● Collected material:
__________

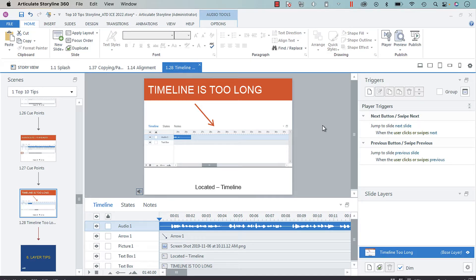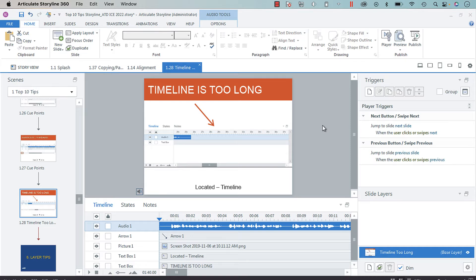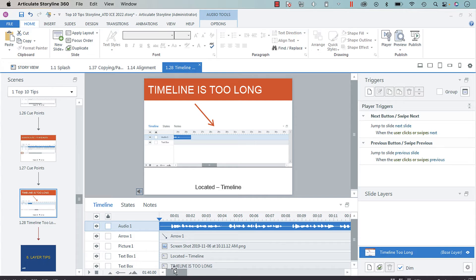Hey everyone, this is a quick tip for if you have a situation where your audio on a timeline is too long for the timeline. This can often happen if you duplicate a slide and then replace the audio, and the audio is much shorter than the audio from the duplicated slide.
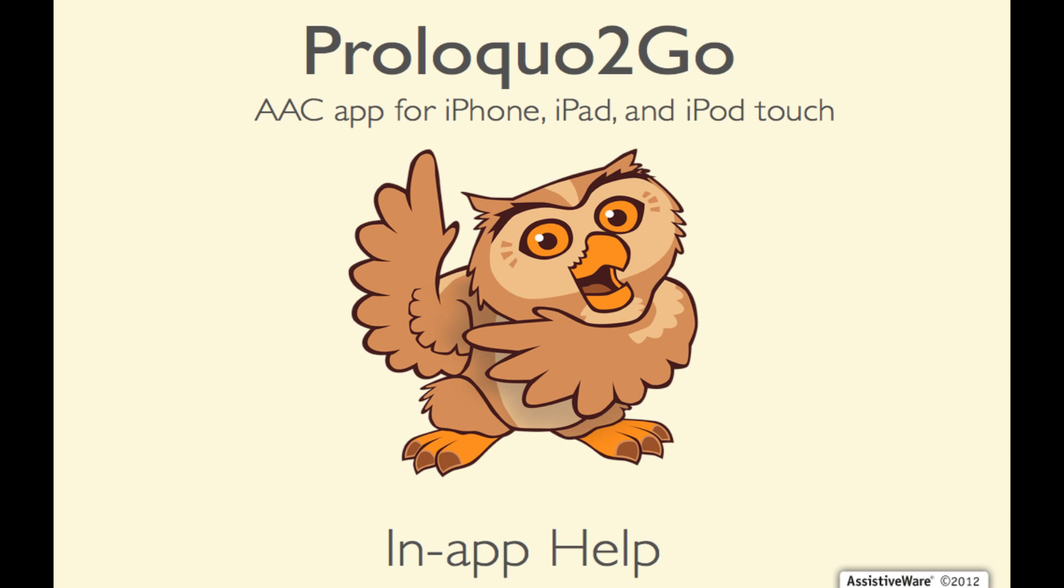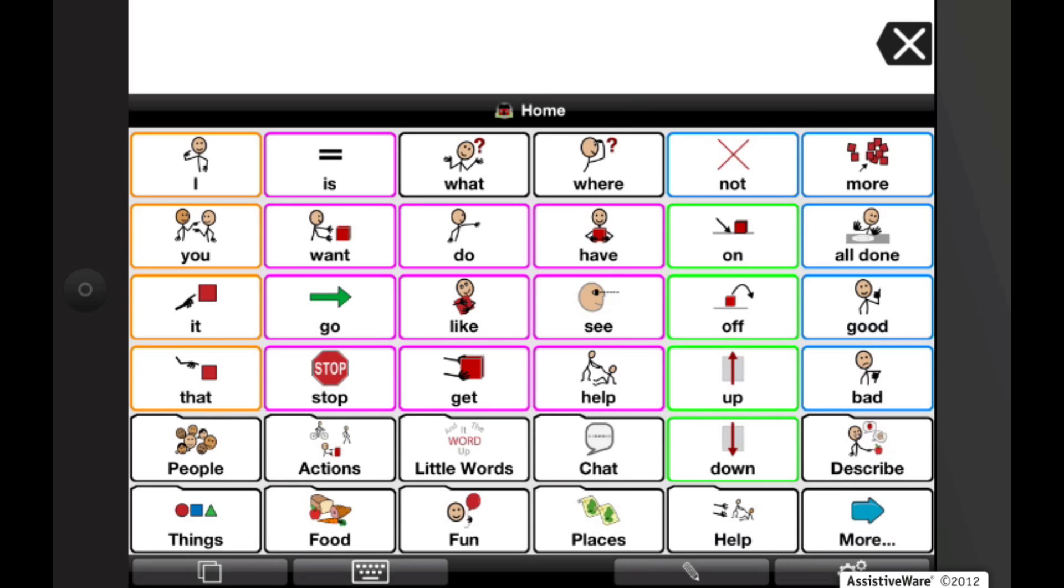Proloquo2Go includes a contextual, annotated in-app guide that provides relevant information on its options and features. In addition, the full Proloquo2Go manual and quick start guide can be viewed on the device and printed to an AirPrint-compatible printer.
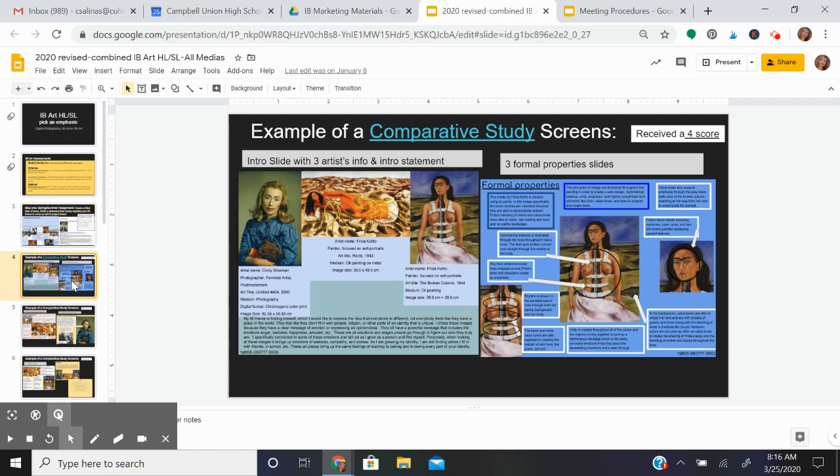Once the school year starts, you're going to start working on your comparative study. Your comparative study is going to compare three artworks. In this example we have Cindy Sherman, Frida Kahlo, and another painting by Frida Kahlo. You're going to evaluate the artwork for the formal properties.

__________

● Your assignment:
Write the listing again exactly, duplicating every line and skipping the pictures.

● Output for this task:
Hey everyone, this is a quick tip for if you have a situation where your audio on a timeline is too long for the timeline. This can often happen if you duplicate a slide and then replace the audio, and the audio is much shorter than the audio from the duplicated slide.
Proloquo2Go includes a contextual, annotated in-app guide that provides relevant information on its options and features. In addition, the full Proloquo2Go manual and quick start guide can be viewed on the device and printed to an AirPrint-compatible printer.
Once the school year starts, you're going to start working on your comparative study. Your comparative study is going to compare three artworks. In this example we have Cindy Sherman, Frida Kahlo, and another painting by Frida Kahlo. You're going to evaluate the artwork for the formal properties.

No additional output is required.